STUDY MATERIAL →

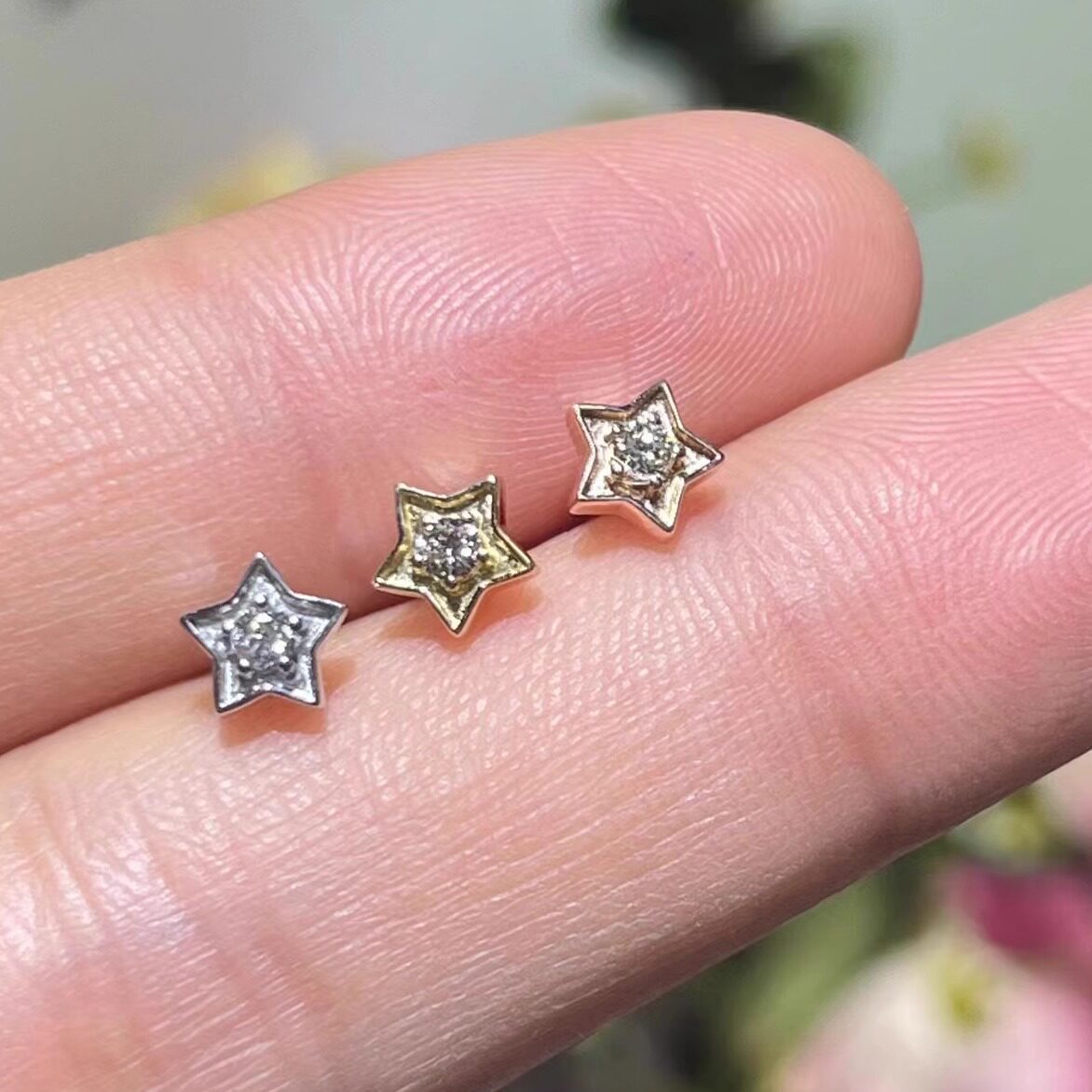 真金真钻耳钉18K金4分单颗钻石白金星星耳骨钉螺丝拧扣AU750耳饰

==

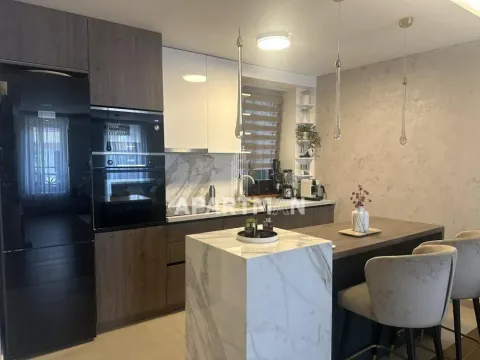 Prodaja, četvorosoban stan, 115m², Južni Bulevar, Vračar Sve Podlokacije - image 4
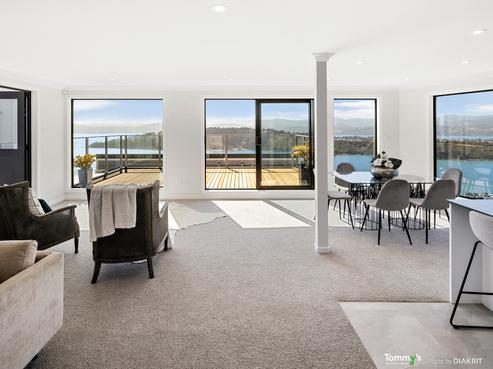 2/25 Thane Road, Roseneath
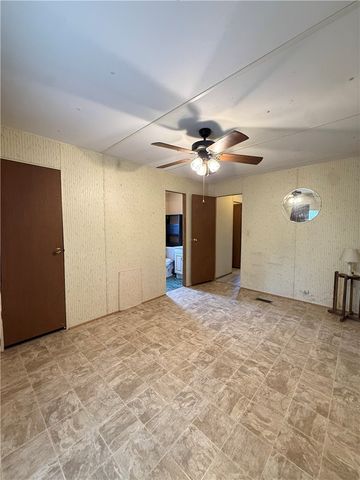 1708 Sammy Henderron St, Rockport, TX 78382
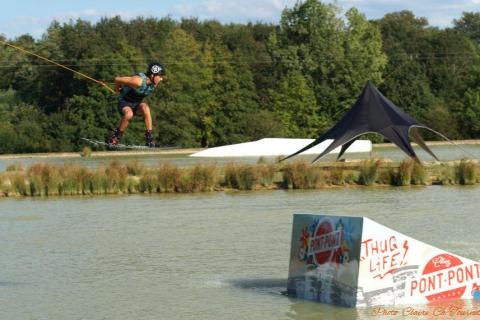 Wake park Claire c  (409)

DIRECTIONS →
Transcribe only the lines above that start at the line containing "2/25 Thane Road, Roseneath" and end at the line containing "Wake park Claire". Omit pictures.

ANSWER TO THE PROBLEM →
 2/25 Thane Road, Roseneath
 1708 Sammy Henderron St, Rockport, TX 78382
 Wake park Claire c  (409)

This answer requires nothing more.